Hands closing over cold ribs, I lay her frame on the rotting boards beneath a drizzling sky. A long-cloistered body unfolds in front of me. She is naked, undone, jagged and stiff in a freezing barn. I smile at the rawness of the day, the vulnerable strips of wood tipped with metal, corrosion clinging to hardware, varnish chipping off delaminating edges. She is a mess. And yet she is mine. 
Mine! (as much as anything can actually be a possession)

I haven’t bought a boat since I was 24 years old. And then it was a partnership, parentship, a ship that would teach me about relating to another human I would spend glorious years with at arms length, both meanings so true, so close and so far. 

This boat is solely mine. A soulful project waiting to work with me as much as I work with her. 
(Can a kayak be a she? I've decided yes; there is no minimum length requirement for the tradition of treating boats as feminine entities.) 

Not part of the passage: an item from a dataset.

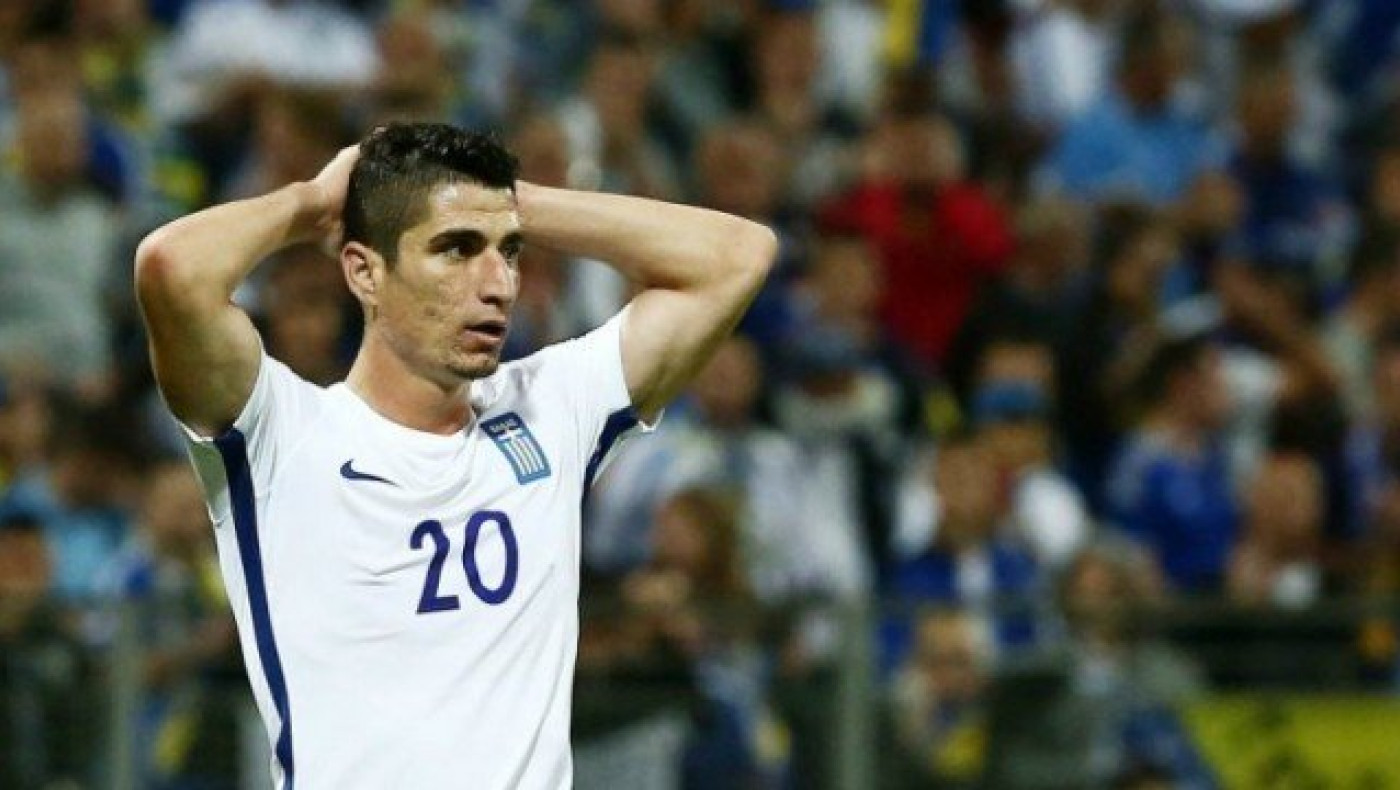 Τι                   έχασες      ρε Μάνταλε; (video)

I can feel her tough lines burst through me. She is roughed up at the edges, polish worn to faded yellow and splintering cracks, once-solid metal pieces rotted away. Pieces that may not be replaceable. And she is beautiful. I imagine adventures had and to come. I wonder if she imagined me into buying her from the silver-haired lady in Olympia who told me stories of remote islands and thin sails and the hull stuffed full of food and endless laughter ricocheting over soft waves. 

I piece together the frame and turn the pliable shell over and over, wondering how these bones will fit in the body. Wondering how my body will fit in these bones, the muscles of my arms dipping paddles into the cold clear blue.

Someday. 

But today, I shift the frame on the boards of the barn and realize that yes, I will need to read the directions. And yes, I can do this by myself. And yes, this is exactly what I need. My boat, my project, my dreams. With that solid foundation, the screws set tight, the rudder in place, I can invite others into my small floating world. We can share dreams and paddles and navigate whirlpools, but I want to know her bones and body first. I want to know the how and why and know that I can float on my own. 

And I do. And I am. And she has found me to put her back together.